═════ PROVIDED DATA ═════

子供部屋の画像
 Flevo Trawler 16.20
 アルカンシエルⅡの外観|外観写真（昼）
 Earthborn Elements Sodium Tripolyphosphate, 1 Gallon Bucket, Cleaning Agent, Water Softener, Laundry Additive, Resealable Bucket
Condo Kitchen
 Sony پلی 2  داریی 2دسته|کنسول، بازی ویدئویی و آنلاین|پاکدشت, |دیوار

═════

Where the line containing "アルカンシエルⅡの外観|外観写真（昼）" appears in the records above, begin copying and continue through the last line; copy each line exactly and include no others.

 アルカンシエルⅡの外観|外観写真（昼）
 Earthborn Elements Sodium Tripolyphosphate, 1 Gallon Bucket, Cleaning Agent, Water Softener, Laundry Additive, Resealable Bucket
Condo Kitchen
 Sony پلی 2  داریی 2دسته|کنسول، بازی ویدئویی و آنلاین|پاکدشت, |دیوار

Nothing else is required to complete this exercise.